2020年7月30日木曜日

ネグロスでママチャリ



ママチャリに乗る姪っ子たち

私たちが住む、ここネグロス島のシライ市で、コロナ禍以降になぜか流行っているのが、日本のママチャリと植木。植木の方は、外出がままならないから、暇つぶしで庭や屋内の空いたスペースに、観葉植物を並べるんだろうと想像できますが、なぜ突然、日本のママッチャリ?

実は、ここ最近、日本から輸入した中古自転車を、シライ市内で売る店がオープンしたから。日本からと言っても、ほとんどは日本市場で流通したというだけの、中国製が多いんでしょう。いくら中古でも、一台4,000ペソ(1万円足らず)で販売できるんだから、そんな高級品の訳はない。

以前にも何度か投稿したように、フィリピンでも自転車に乗る人は結構います。ただ、需要は両極端で、自転車の横に、人が乗れる荷台みたいなのを取り付けた輪タクか、そこそこお金のある若者が、趣味でやってるスポーツサイクル。

輪タクは、暑い中を歩くの大嫌いなフィリピン人にとって、文字通り「市民の足」。バイクを使ったトライシクルよりさらに安価に利用できます。乗る方も漕ぐ方も、はっきり言うと貧乏人、なので、その自転車たるや、サドルは硬いし一漕ぎするたびにギシギシ。一度乗ってみたことがありますが、慣れないと、ハンドルさばきも覚束ない代物。

それとは真逆のスポーツサイクル。週末になれば、カラフルな柄で身体にジャストフィットのサイクルウェアを着込んだ連中が、何キロ、何十キロとツーリングをしています。

つまり、日本で一番たくさん出回っているであろう、ママチャリを始め、カジュアルに街乗りできるタイプがすっぽり欠落していたわけです。日本生活歴が15年で、ママチャリ愛用者だった家内は、ここでもママチャリがあれば便利なのにと、時々こぼしてます。

さぁ、それはどうかなぁ?ほんのちょっとの距離でも、暑いから、荷物があるから、はたまた雨が降ってるからと、歩かずトライシクルに乗る人たち。トライシクルが捕まらないのが、仕事や学校を休む理由になる国。歩くよりはマシとは言え、日常生活で普通のオバちゃんが、進んで自転車を漕ぐとは考えにく。

と思ってたら、意外や意外。時々、日本から入荷する中古ママチャリが大人気。買っているのは、その名前の通り、普通の主婦が多いらしい。
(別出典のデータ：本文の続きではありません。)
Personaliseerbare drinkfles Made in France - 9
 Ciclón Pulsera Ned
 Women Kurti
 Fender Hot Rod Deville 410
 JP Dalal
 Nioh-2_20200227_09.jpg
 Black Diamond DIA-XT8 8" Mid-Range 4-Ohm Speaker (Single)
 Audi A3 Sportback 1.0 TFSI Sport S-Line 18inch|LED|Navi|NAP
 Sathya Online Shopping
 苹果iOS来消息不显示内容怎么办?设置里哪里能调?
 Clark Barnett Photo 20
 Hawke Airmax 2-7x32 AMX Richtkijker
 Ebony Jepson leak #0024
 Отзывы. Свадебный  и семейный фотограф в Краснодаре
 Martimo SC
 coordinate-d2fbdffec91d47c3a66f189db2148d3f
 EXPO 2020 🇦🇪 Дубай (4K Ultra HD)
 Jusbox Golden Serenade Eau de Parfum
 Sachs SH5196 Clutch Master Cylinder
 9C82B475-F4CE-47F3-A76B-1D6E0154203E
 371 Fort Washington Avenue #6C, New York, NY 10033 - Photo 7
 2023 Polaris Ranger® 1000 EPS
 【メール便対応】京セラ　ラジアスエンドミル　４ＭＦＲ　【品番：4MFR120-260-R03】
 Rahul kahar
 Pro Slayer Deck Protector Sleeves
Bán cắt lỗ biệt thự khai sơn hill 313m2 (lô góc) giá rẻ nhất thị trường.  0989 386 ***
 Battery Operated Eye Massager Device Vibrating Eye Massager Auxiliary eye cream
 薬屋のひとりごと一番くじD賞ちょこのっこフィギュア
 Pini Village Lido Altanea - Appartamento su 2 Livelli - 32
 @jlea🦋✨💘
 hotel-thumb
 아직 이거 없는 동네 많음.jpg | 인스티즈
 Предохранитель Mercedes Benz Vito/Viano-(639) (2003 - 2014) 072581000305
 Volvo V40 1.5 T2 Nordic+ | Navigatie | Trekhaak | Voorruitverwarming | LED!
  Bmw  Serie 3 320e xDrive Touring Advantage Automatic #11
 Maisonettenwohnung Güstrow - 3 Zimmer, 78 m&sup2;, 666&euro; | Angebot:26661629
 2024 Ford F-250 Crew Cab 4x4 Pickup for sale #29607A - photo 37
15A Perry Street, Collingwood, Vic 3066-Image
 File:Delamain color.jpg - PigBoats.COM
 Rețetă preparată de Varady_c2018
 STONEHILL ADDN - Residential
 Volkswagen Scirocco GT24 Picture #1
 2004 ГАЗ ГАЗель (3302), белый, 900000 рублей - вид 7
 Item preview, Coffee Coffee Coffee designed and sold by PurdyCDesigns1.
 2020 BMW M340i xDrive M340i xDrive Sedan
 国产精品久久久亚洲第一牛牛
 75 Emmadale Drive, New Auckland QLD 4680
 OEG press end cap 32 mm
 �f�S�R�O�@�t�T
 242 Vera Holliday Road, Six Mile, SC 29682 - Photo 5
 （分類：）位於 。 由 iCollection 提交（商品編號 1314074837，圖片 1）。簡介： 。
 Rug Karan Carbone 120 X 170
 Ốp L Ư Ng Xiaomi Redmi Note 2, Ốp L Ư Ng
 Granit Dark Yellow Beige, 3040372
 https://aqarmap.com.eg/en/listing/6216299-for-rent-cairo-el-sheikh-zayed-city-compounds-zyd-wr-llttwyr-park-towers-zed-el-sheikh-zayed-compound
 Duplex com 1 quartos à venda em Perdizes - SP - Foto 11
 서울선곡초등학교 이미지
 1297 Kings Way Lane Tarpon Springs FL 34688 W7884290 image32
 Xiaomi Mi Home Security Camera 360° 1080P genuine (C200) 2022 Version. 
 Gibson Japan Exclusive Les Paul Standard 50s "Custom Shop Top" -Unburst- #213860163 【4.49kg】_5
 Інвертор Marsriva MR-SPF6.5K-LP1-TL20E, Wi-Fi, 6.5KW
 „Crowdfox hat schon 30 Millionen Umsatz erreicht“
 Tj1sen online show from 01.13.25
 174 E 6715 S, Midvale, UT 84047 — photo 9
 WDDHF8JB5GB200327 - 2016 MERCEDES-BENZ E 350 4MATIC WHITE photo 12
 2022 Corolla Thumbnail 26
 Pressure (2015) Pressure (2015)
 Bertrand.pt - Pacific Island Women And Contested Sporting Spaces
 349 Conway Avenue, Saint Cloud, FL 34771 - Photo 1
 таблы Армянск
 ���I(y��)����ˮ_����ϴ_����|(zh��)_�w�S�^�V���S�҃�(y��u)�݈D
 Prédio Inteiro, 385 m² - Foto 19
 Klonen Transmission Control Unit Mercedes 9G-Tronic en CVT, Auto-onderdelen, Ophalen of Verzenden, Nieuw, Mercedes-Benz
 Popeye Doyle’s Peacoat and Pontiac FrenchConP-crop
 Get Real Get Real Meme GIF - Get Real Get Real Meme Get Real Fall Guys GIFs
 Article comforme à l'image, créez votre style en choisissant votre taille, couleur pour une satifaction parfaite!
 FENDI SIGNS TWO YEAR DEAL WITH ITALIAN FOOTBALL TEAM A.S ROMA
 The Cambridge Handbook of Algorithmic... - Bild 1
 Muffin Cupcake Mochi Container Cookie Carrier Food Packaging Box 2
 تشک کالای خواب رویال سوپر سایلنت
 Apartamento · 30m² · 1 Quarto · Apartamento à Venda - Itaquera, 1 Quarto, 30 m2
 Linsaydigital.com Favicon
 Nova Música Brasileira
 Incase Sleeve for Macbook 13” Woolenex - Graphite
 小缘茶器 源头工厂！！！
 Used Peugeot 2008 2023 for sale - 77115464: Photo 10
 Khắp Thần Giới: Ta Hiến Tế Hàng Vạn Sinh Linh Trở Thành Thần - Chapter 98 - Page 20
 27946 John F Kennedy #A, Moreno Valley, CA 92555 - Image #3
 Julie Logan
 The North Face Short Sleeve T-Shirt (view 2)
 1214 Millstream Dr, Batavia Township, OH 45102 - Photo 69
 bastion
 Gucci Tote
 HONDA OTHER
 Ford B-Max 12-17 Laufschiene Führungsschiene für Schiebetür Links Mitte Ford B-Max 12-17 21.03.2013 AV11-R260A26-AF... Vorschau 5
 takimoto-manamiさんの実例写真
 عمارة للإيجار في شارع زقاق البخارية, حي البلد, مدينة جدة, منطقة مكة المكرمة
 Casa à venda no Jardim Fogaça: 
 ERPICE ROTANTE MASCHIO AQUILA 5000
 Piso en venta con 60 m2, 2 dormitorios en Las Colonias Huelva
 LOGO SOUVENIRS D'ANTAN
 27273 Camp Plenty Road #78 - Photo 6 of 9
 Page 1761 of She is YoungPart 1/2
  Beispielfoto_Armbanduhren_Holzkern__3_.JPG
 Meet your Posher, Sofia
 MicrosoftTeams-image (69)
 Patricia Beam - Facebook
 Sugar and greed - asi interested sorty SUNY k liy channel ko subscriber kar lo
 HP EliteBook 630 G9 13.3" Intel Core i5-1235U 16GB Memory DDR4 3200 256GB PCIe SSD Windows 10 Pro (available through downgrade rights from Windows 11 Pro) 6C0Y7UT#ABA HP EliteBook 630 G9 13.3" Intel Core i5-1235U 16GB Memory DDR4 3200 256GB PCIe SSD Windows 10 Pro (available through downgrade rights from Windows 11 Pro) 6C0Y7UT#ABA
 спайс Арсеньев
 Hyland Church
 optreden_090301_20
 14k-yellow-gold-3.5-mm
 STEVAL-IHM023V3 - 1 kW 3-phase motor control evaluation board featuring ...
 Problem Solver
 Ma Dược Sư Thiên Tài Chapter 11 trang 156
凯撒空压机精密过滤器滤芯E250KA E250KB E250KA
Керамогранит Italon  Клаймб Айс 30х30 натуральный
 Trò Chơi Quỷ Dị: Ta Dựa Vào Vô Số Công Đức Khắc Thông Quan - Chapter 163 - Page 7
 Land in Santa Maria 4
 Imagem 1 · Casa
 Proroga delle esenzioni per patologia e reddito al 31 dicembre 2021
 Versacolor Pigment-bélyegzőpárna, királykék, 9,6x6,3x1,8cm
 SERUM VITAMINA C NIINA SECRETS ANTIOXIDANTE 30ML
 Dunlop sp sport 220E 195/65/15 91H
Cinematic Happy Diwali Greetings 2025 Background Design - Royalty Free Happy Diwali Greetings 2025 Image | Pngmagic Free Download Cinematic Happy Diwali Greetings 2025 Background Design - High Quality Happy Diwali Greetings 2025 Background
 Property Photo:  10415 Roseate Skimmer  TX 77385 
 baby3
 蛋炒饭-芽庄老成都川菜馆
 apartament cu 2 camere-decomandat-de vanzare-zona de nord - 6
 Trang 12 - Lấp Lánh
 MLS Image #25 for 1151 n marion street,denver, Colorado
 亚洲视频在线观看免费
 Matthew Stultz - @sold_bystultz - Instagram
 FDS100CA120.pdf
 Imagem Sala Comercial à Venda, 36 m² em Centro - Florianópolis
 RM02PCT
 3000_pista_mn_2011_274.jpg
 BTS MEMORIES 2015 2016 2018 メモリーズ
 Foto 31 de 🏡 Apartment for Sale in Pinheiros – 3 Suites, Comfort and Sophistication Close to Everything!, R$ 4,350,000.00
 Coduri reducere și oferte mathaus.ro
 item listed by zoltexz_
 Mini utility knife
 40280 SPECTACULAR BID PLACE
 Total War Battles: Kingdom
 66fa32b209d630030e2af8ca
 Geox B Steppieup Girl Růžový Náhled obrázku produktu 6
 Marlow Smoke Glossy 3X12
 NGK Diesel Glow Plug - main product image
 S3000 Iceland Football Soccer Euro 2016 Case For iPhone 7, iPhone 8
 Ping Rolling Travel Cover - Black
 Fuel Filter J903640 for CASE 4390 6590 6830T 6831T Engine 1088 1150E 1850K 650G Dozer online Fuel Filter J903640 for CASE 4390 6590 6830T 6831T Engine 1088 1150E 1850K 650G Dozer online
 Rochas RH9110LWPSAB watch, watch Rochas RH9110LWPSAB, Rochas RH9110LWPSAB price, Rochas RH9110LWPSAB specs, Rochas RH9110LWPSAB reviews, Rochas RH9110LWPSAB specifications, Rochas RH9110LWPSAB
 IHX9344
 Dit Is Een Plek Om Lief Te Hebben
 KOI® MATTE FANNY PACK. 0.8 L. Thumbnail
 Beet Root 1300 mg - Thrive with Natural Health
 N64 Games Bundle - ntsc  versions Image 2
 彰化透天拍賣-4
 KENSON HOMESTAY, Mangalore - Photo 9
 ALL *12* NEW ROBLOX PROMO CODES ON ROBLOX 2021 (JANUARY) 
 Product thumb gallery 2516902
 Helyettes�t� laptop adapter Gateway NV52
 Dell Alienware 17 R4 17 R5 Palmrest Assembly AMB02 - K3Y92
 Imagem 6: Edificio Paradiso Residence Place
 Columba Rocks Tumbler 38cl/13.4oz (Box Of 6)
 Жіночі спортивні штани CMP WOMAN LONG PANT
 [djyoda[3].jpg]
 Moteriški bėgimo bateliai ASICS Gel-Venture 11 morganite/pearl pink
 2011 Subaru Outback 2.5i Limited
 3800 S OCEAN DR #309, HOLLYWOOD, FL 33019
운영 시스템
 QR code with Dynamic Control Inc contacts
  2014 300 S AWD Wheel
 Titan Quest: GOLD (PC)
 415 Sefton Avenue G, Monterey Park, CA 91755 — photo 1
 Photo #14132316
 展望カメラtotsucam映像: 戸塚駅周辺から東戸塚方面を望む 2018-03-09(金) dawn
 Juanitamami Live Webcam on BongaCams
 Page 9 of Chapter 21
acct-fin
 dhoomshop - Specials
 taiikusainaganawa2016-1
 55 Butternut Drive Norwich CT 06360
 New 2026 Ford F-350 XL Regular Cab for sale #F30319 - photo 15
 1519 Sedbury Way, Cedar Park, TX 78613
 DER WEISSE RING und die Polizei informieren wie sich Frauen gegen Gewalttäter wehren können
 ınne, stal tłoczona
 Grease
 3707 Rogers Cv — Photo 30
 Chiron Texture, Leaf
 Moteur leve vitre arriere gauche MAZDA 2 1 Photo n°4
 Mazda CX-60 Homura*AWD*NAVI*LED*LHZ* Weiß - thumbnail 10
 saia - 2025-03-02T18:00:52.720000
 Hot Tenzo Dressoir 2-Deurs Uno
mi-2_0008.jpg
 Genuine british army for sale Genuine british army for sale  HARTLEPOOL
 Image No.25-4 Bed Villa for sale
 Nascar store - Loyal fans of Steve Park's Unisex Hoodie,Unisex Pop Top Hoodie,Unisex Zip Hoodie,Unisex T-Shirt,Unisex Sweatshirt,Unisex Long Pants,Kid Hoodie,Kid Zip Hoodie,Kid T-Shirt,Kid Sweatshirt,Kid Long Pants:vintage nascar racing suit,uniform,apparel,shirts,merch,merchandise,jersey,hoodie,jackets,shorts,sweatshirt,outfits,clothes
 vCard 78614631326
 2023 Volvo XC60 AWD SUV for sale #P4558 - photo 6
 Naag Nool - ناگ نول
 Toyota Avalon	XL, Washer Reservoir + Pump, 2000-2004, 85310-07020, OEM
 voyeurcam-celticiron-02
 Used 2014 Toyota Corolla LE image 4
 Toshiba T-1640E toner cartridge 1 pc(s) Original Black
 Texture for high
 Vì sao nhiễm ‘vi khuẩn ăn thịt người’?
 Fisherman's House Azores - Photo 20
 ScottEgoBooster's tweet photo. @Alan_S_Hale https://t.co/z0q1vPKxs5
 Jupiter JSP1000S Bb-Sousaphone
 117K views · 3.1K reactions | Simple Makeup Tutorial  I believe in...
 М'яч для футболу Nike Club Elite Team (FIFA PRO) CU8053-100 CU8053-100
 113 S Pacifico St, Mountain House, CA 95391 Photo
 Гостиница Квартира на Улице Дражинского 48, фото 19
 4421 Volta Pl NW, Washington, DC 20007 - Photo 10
家内の友達や親戚が買い込んで、休日の朝に、ちょっと遠くまで家族でサイクリングを楽しんだり。

私たちが住む宅地でも、朝、夫婦らしき中年カップルが自転車漕いでるのを、時々見かけます。買い物や、近所で用事を済ませに乗るというより、ジョギング代わり活用しているらしい。

日本で、まだ乗れるのに捨てられたり、駅前に放置して没収された、行き場のない自転車が、海外に輸出されるという話は、以前聞いたことがありますが、フィリピンの、しかもこんな田舎のネグロスにまで送られてたんですね。

この投稿の執筆に当たって、ネットで少し調べてみたところ、マニラやセブでも、まだ話題にはなっていないようです。ここ最近は、コロナ騒ぎで、それどころではないのか?

いずれにしても、想像してたより、フィリピンで受け入れられそうな日本式のママチャリ。まだ台数が限られているようで、何台か入荷してすぐ売り切れ。次の入荷までしばらく待たされるという感じ。

この調子で、ネグロスでもママチャリの認知度が上がって、そこそこ普及すれば、中国製の安い新品が出回るかも知れません。さらに、廉価版電動アシスト自転車がフィリピンに登場するの期待してます。